The following example configures sFlow to monitor dropped packets in software:
cumulus@switch:~$ nv set system sflow dropmon sw
cumulus@switch:~$ nv config apply
The following example configures sFlow to monitor dropped packets in hardware:
cumulus@switch:~$ nv set system sflow dropmon hw
cumulus@switch:~$ nv config apply
Edit the /etc/hsflowd.conf file to add the dropmon { group=1 start=on sw=off hw=on } line to monitor dropped packets in hardware or the dropmon { group=1 start=on sw=on hw=off } line to monitor dropped packets in software:
cumulus@switch:~$ sudo nano /etc/hsflowd.conf
dropmon { group=1 start=on sw=off hw=on }
Restart the hsflowd service with the sudo systemctl start hsflowd command.

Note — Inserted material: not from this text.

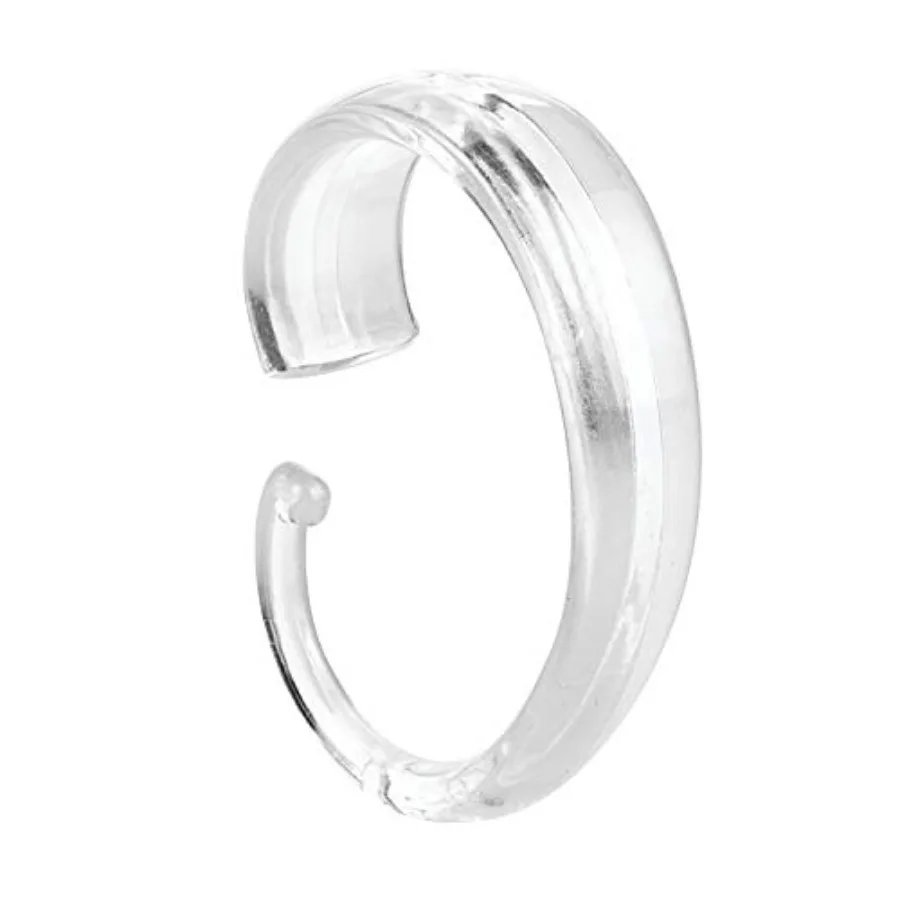Plastic Shower Curtain C Hooks, Set of 12 - 2.38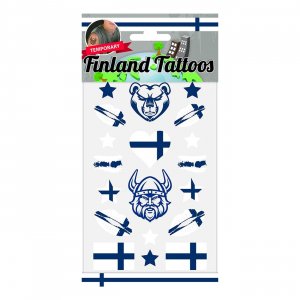 Tatoveringer Finland - Finsk flaggfarger Tatoveringer Finland - Finsk flaggfarger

Configure sFlow Visualization Tools
For information on configuring various sFlow visualization tools, read this knowledge base article.
Show sFlow Configuration
To show all sFlow configuration on the switch:
cumulus@switch:~$ nv show system sflow
operational applied
----------------- ----------- ----------
State enabled
poll-interval 30
[collector] 10.10.10.1
sampling-rate
default 400
speed-100m 100
speed-1g 1000
speed-10g 10000
speed-25g 25000
speed-40g 40000
speed-50g 50000
speed-100g 100000
speed-200g 200000
speed-400g 400000
Speed-800g 800000
agent
ip 10.0.2.15
interface eth0 eth0
policer
rate 1638
burst 1638
To show sFlow collector configuration:
cumulus@switch:~$ nv show system sflow collector
Ip Port
---------------------------------
192.0.2.100 6343
192.0.2.200 6344
To show the sFlow sampling rate configuration:
cumulus@switch:~$ nv show system sflow sampling-rate
default 400
speed-100m 100
speed-1g 1000
speed-10g 10000
Speed-25g 25000
speed-40g 40000
speed-50g 50000
speed-100g 100000
speed-200g 200000
speed-400g 400000
Speed-800g 800000
To show the current sFlow polling interval:
cumulus@switch:~$ nv show system sflow poll-interval
poll-interval 30
To show sFlow agent configuration:
cumulus@switch:~$ nv show system sflow agent:
10.0.0.5
To show the number of samples per second and the sample burst size per second that the switch sends out:
cumulus@switch:~$ nv show system sflow policer
----------------------
Rate 16384
Burst 16384
To show sFlow configuration on a specific interface:
cumulus@switch:~$ nv show interface swp1 sflow
----------------------
sample-rate 100000
state enabled
Considerations
Cumulus Linux does not support sFlow egress sampling.